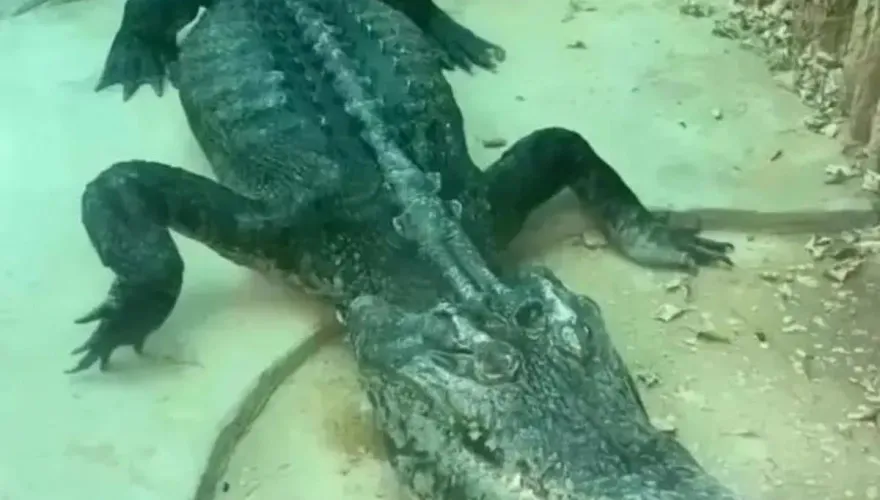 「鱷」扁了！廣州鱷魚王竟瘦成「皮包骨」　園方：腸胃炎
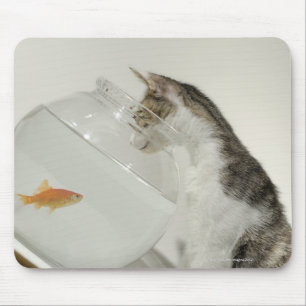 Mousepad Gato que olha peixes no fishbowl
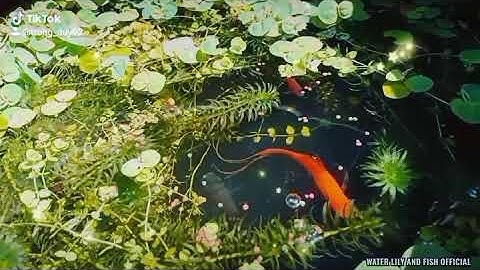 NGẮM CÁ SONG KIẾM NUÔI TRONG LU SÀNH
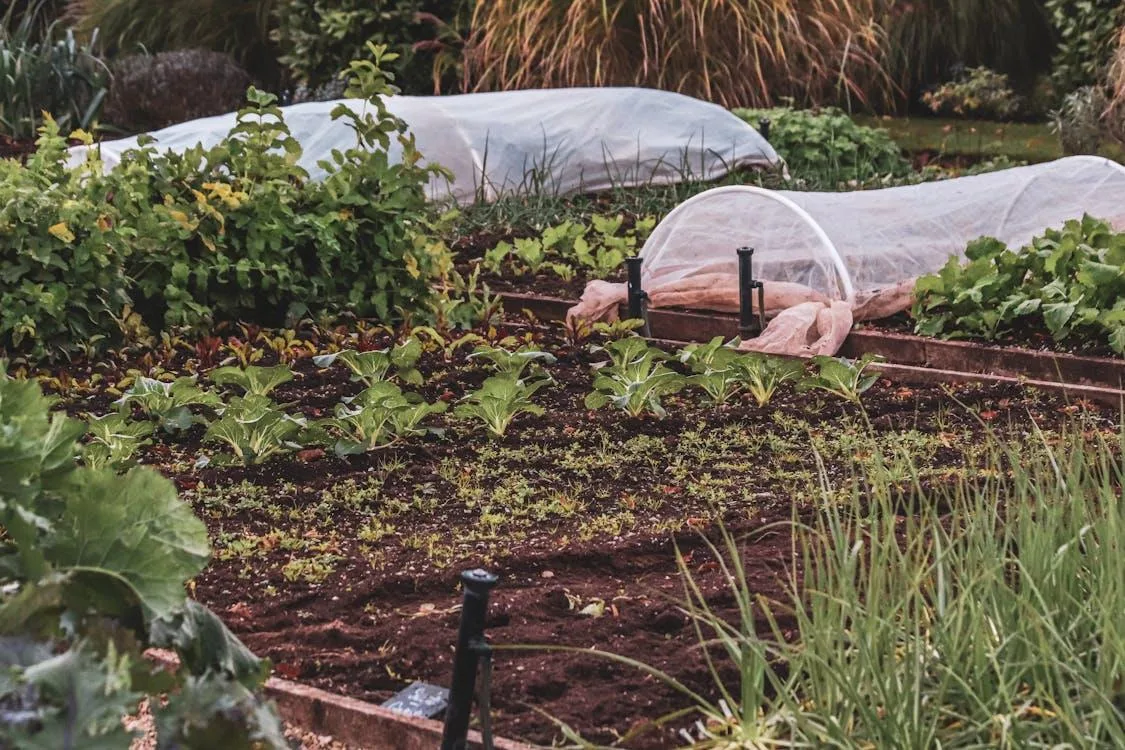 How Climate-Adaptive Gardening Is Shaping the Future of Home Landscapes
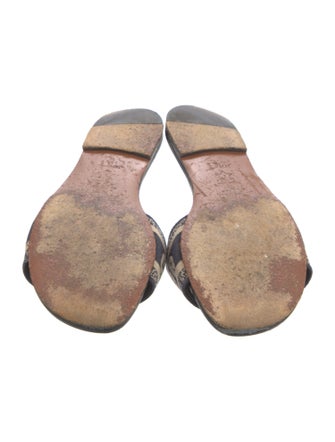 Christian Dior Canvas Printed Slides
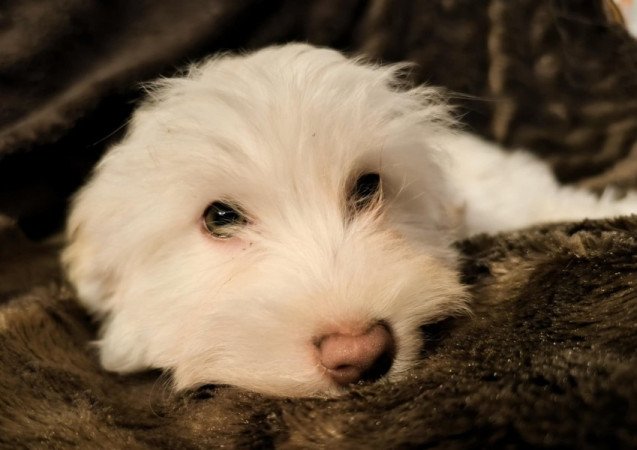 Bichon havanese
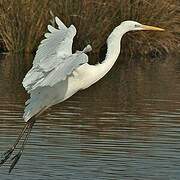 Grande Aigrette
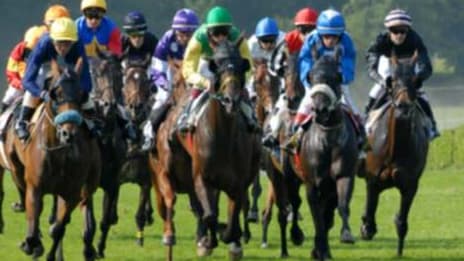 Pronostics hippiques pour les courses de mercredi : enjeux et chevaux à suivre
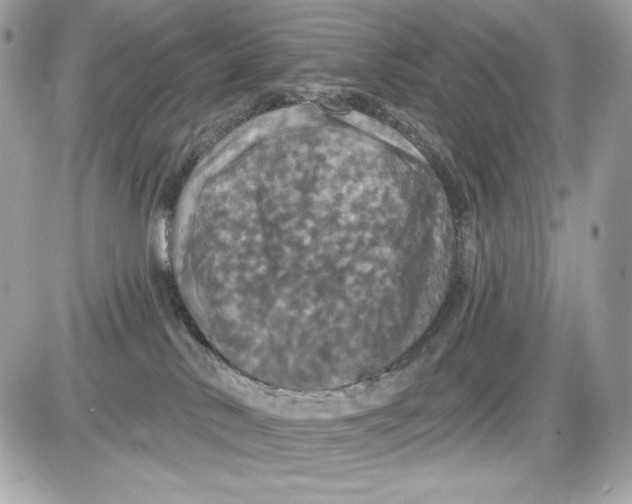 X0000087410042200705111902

*Assignment*:
Write out exactly the lines from the one containing "Pronostics hippiques pour" through the end of the entries, both included. Pictures are not copied.

*Reply to the exercise*:
 Pronostics hippiques pour les courses de mercredi : enjeux et chevaux à suivre
 X0000087410042200705111902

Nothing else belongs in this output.